■ **Exercise details**:
Leaving out the pictures, please reproduce exactly and only the lines from the one that contains "Iphone 14 128GB" through the last line below.

*** Records shown Section Begins ***

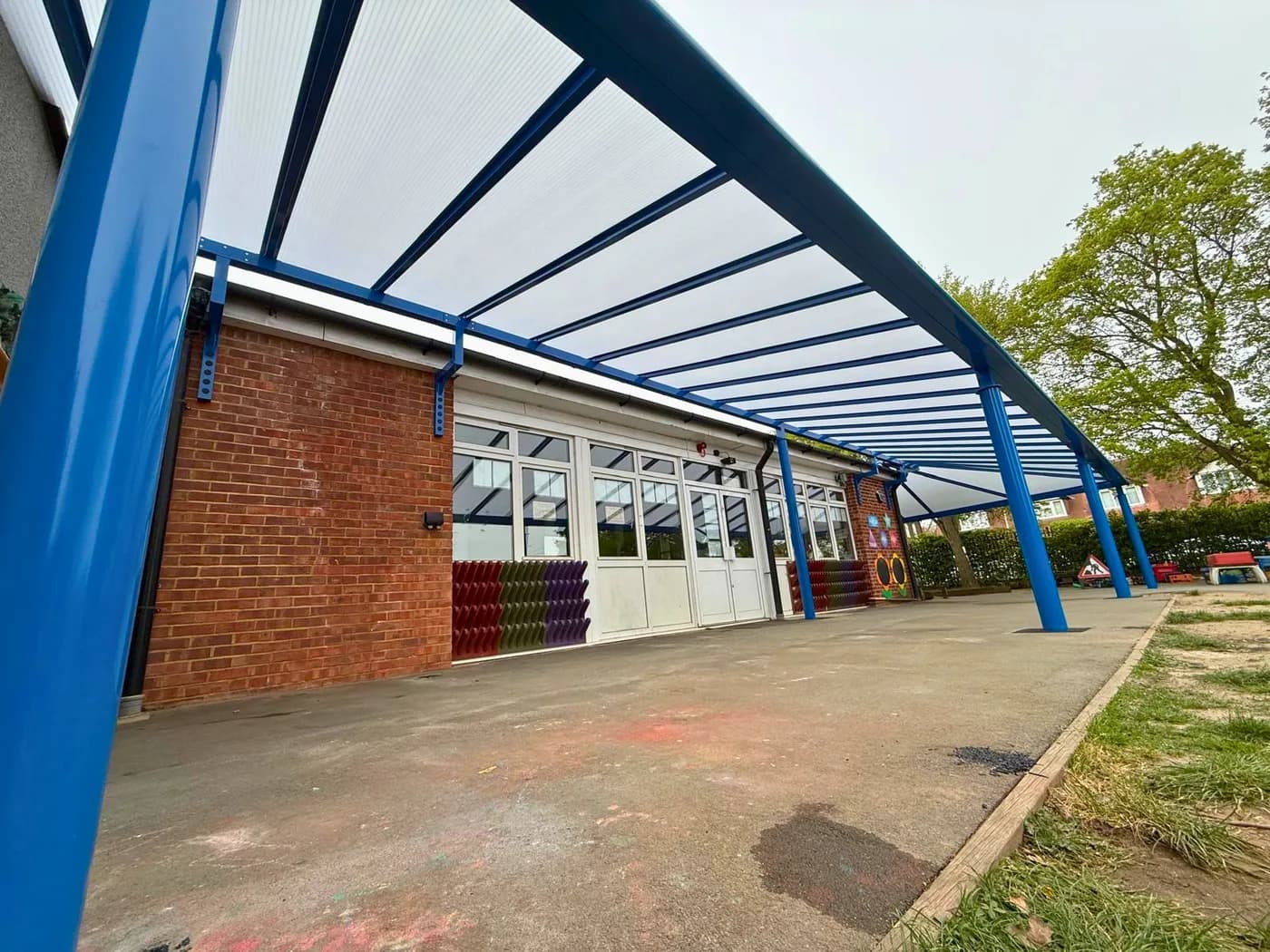 The Breakspear School photo 3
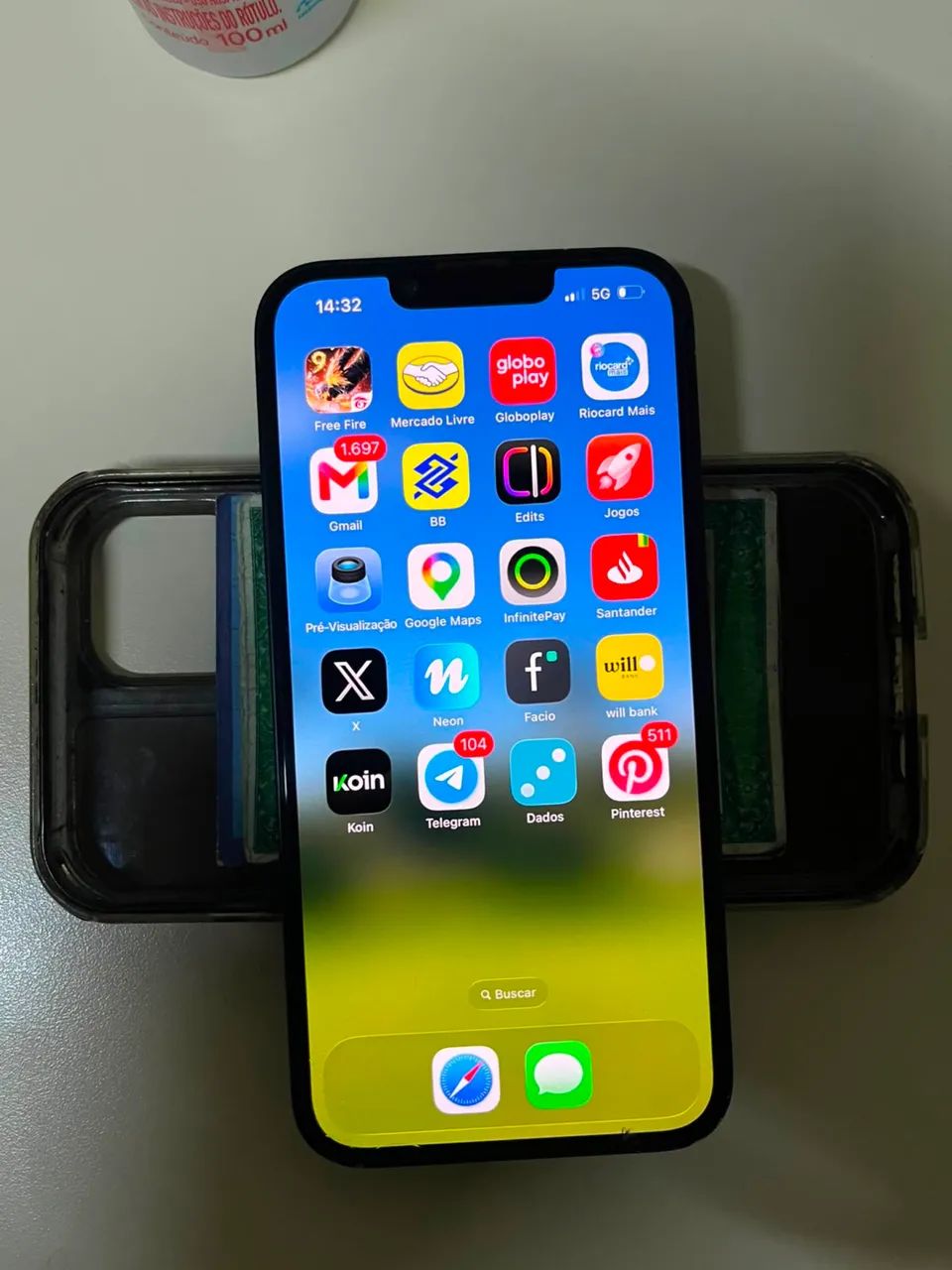 Iphone 14 128GB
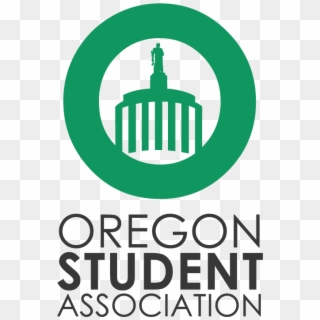 Osa Was Established In 1975 To Represent, Serve, And - Oregon Student Association Clipart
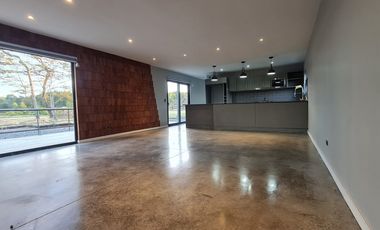 Moderna casa en parcela, La Reserva Frutillar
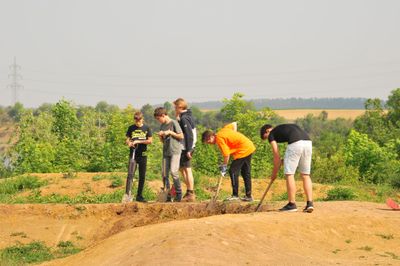 Dirtbahn Vaihingen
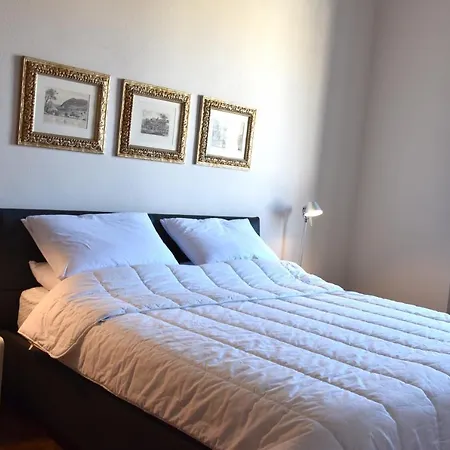 Historic Center Of Spoleto/terrace With Fantastic Views/car Unneccesary Apartment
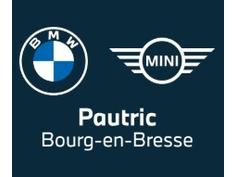 BMW-MINI Pautric Bourg-en-Bresse Viriat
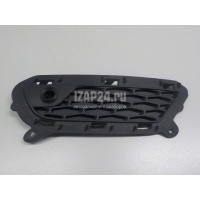 Заглушка бампера правая Land Rover Range Rover Evoque (2011 - ) LR079491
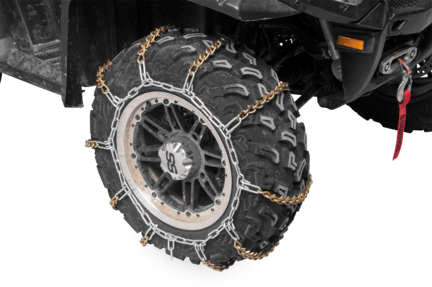 TIRE CHAIN SM QB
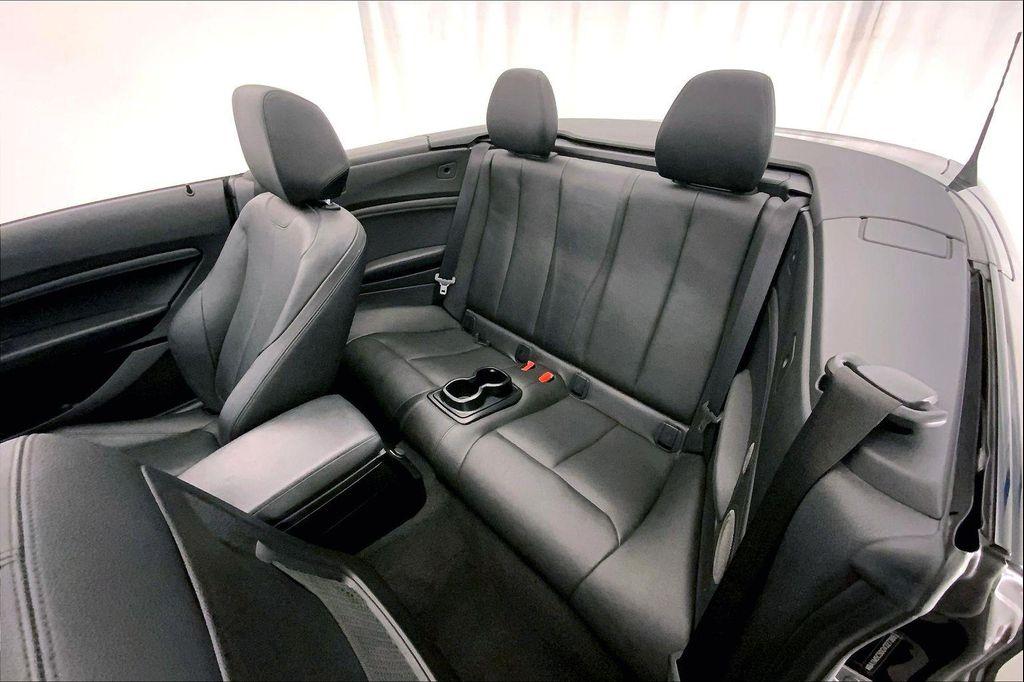 used 2016 BMW M2 car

*** Records shown Section Ends ***

■ **Response below**:
 Iphone 14 128GB
 Osa Was Established In 1975 To Represent, Serve, And - Oregon Student Association Clipart
 Moderna casa en parcela, La Reserva Frutillar
 Dirtbahn Vaihingen
 Historic Center Of Spoleto/terrace With Fantastic Views/car Unneccesary Apartment
 BMW-MINI Pautric Bourg-en-Bresse Viriat
 Заглушка бампера правая Land Rover Range Rover Evoque (2011 - ) LR079491
 TIRE CHAIN SM QB
 used 2016 BMW M2 car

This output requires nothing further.